2022年08月03日 11時57分57秒 | 読書
「70歳が老化の分かれ道」和田秀樹


著名な精神科医であり多くの著作を送り出している和田秀樹氏の新書.
刺激的なタイトルに見えるが,内容は極めて,実践的かつ説得力ある内容になっています.

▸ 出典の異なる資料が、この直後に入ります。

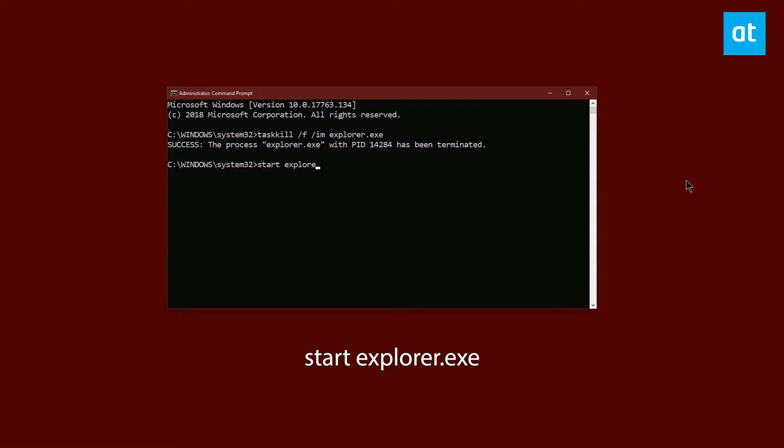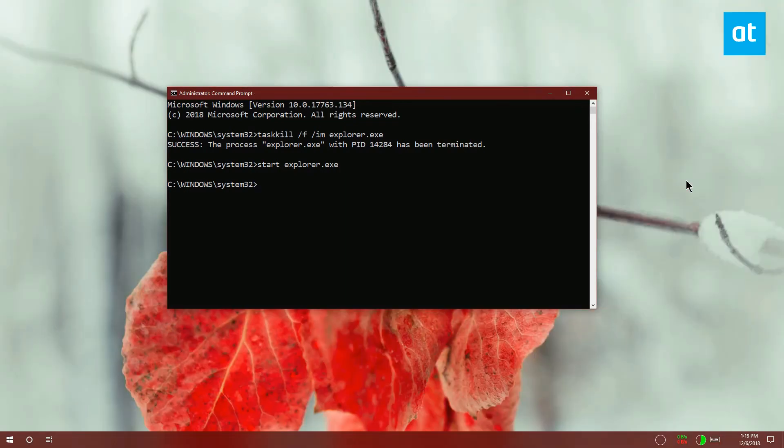Restarting explorer.exe might actually fix a few problems on your system, so it's good to know how to do that. I'll see you later with more tips and tricks for Windows 10.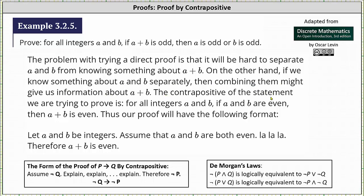Now let's form the contrapositive. If the original statement in the form of 'if p then q' is: for all integers a and b, if a plus b is odd then a is odd or b is odd, then the contrapositive in the form of 'if not q then not p' is: for all integers a and b, if a and b are not odd — meaning even — then a plus b is not odd, meaning a plus b is even. Notice that when we negate 'a is odd or b is odd,' we apply De Morgan's law, where the negation of 'p or q' is logically equivalent to 'not p and not q.' So both odds change to evens and the 'or' changes to 'and.'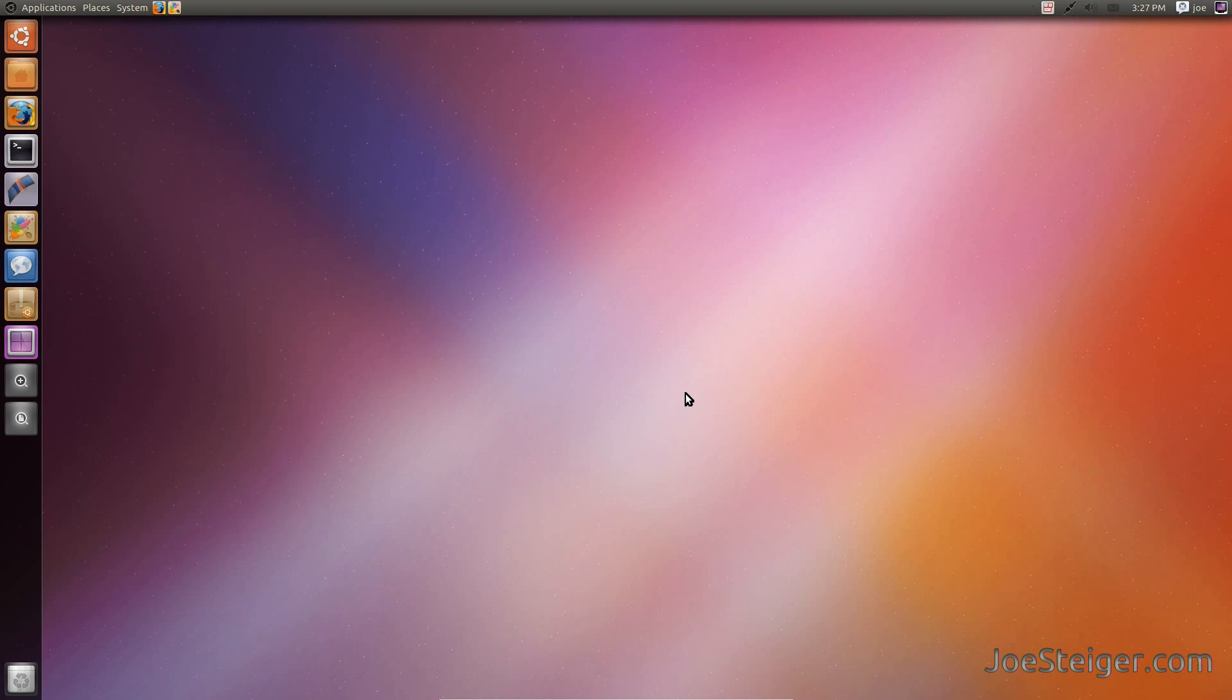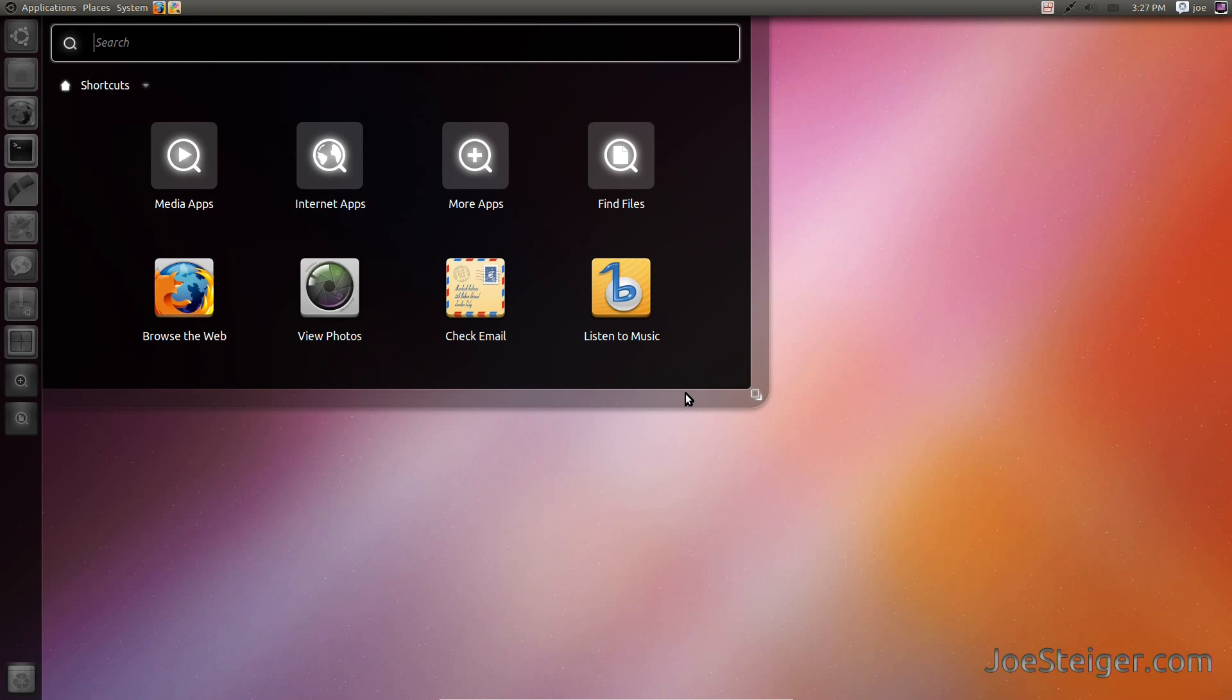What's neat is the Unity Dash is still there. It is just hidden by the new panel. If you press the Super key, the Unity Dash will open.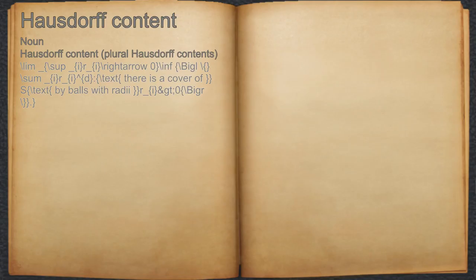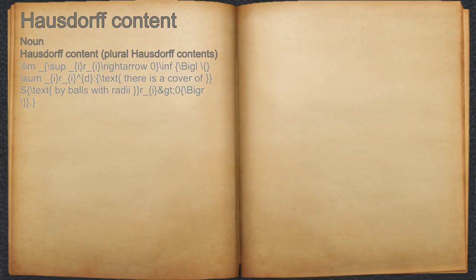The d-dimensional Hausdorff content of S is defined by C_H^d(S) := lim sup_{r_i → 0} inf { Σ r_i^d : there is a cover of S by balls with radii r_i > 0 }.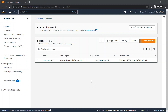Use Lifecycle Rules to define actions you want Amazon S3 to take during an object's lifecycle, such as transitioning objects to another storage class, archiving them, or deleting them after a specific period of time. With Lifecycle Configuration, we can tell our Amazon S3 bucket to perform a specific action at a specific period of time.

この本全体を通じて感じることは高齢者に対する暖かい眼差しです.
歳をとるとこうなるんだから,高齢者はこうしなさいという書き方ではなくて,幸せな老後を生きるためにこうやろう,という内容・ノウハウ集になっています.
また,高齢者に対する誤った認識に基づく国の政策に対して,痛烈な批判を浴びせています.
特に印象に残ったのは,p.57 「運転免許は返納してはいけない」の章.
まず前提となるデータですが,警察庁交通局が発表する「平成30年度の交通事故状況」によると,人口10万人当たりの年代別事故件数をみると,最も事故を起こしているのは16~19歳で約1500件,ついで20~24歳で900件,70歳台は500件前後,80歳台は600件前後とむしろ,事故件数自体は若者の起こす事故がずっと多い.
確かに高齢者によりペダルの踏み違いによる事故は事実としてあったが,多くの若者が引き起こす悲惨な死亡事故こそ早く対策を打つべきという主張です.
別の調査では,免許を返納した高齢者群と免許を返納せず運転し続けた高齢者群とで,10年後の認知症の発症数が,運転をやめた人はそうでない人の2.1倍だったという.
車の運転という,一種の認知機能のトレーニング習慣が認知症の発症を遅らせるという疫学的なデータが得られているそうな.
つまり,運転免許の返納をする人が増えるほど,認知症による介護認定者が増えるという実に皮肉な結果を引き起こすのね.
本当に国のことを考えるなら,高齢者を家に閉じ込めてしまうのではなく世の中との関りを促進するような政策が必要なんじゃないか,という主張です.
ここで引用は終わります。